In a few days, Mr. Obama is leaving on a nine day trip to Asia.  A trip this high level and this complex had to have been in the planning stage for quite a while.  I presume that his political advisers saw the timing of the trip useful in getting the president out of the country subsequent to the drubbing that they expected in the mid-term elections.  They were also on top of things when they made the expansion of trade one of the most important objectives of the trip.  This permitted the president to casually refer to the trip in yesterday's press conference as an example of the importance of the economy in his agenda.  The stops on the trip include India, Indonesia, China, South Korea, and Japan.  That is an excellent itinerary and, depending on how the president handles himself, the trip could be useful in improving our relations with some of the most important countries in the world.

I do not know how much all of this costs, but a prominent Democratic critic of President Obama has estimated the cost at $200 million dollars a day.  If that number is correct, nine days would cost close to two billion dollars.  The same source said that there would be three thousand people accompanying the president.  Assuming these numbers to be accurate, (and I unfortunately find them plausible) I begin to question the value of this trip.  I have been involved in several presidential visits to foreign countries.  I've been privileged to have been able to see some of the actual meetings and I am impressed by the prominence of pomp and circumstance and the paucity of actual work that is done by the participants.  With 9.6% unemployment I can think of much better ways to spend a couple of billion dollars. 

I think that the trip concept is flawed and the timing of it is even worse.  While I agree that trade with Asia is extremely important and am willing to argue about the best way to improve it, I am not willing to concede that the president should leave Washington D.C. at this point in time nor do I think that he should spend very large amounts of money on pomp and circumstance.  From a public relations point of view, this trip is going to be seen by a large part of the public as being in the same category as the President and Mrs. Obama's romantic dinner in New York after his election - another thoughtless waste of tax payer money while millions of their fellow Americans are without a job.  I confess that this kind of thing further weakens my own respect for my president.

Wednesday, November 3, 2010

My Policies were Right - I just didn't do Enough...

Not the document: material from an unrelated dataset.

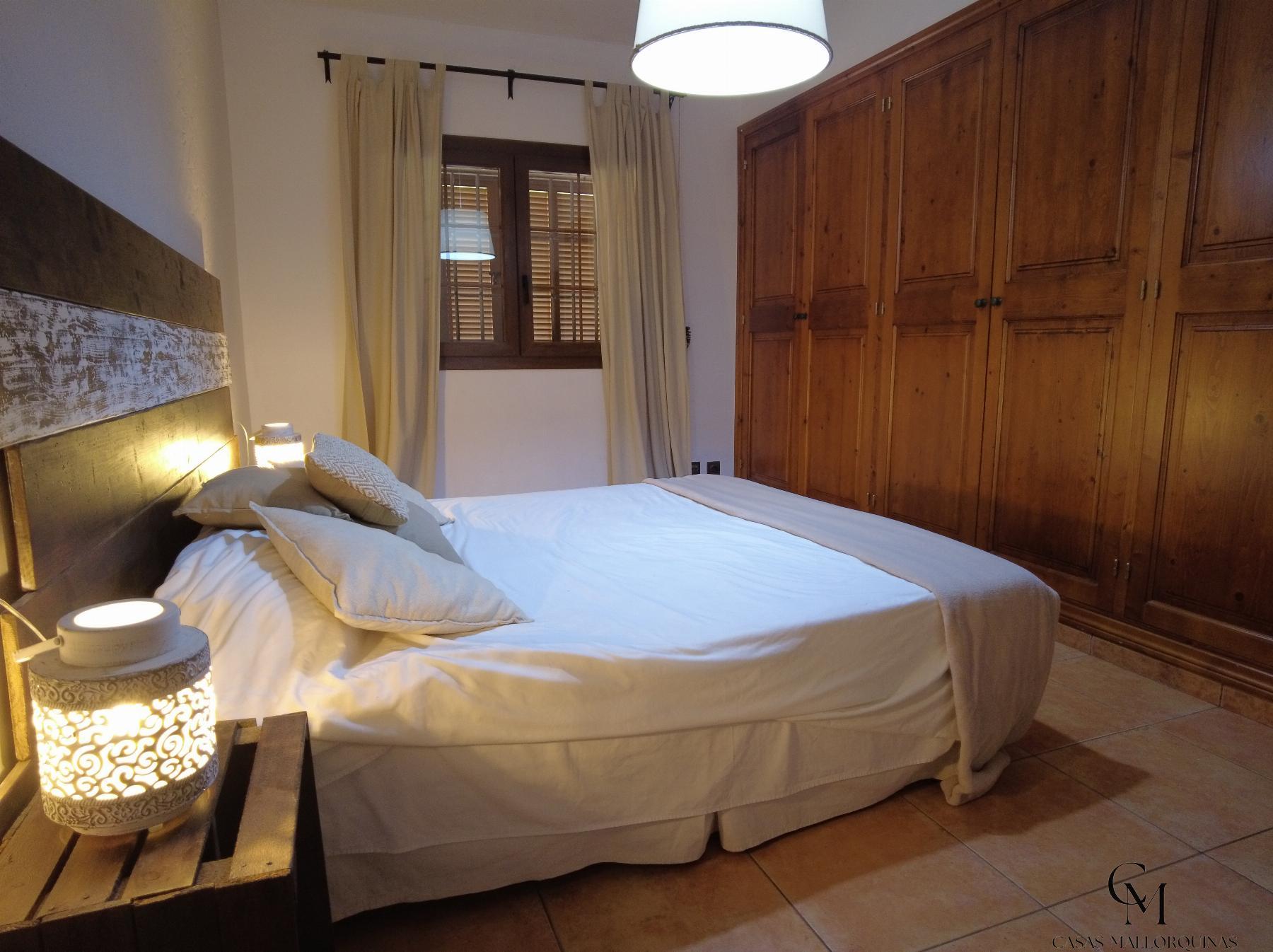 Zu verkaufen von chalet in
 Santa Eugènia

President Obama's press conference the day after the mid term elections was an excellent look into the man.  His opening comments were as artful as most of his speeches, his tone was moderate, and the rationale behind his words was enlightening.  Mr Obama identified the economy as the most important issue on the voting public's mind and argued that while his administration had stabilized the economy and started the growth of jobs in the private sector, the general public did not see and feel the progress that was being made and held him responsible as president.  He specifically took responsibility for "not making as much progress as we need to make," but he consistently defended his various policies as being what he felt was needed in the perilous situation that he found the country to be in when he took office.

Going forward from the mid term elections, the president indicated a desire to sit down with Republican leadership to find common ground on the issues that face the nation.  He indicated that he believed that the American people did not want their political leaders re-fighting the battles of the last two years.  He expressed the hope that he could work with the new Congress to solve problems in the area of energy, education, jobs, debt reduction, and a wide range of other issues.  Health care was not in the list.  When pressed on health care he reiterated his belief that America did not want Democrats and Republicans re-fighting old battles.  On the issue of transparency, he argued that the economic crisis that he had inherited was so pressing that he did not have time and had to get his stimulus program through congress in traditional ways.  He was not asked why health care was handled that way.  A particularly interesting part of the press conference dealt with his relationship with the business community.  He made a strong presentation regarding the importance of the free enterprise system and the role of private business in creating wealth.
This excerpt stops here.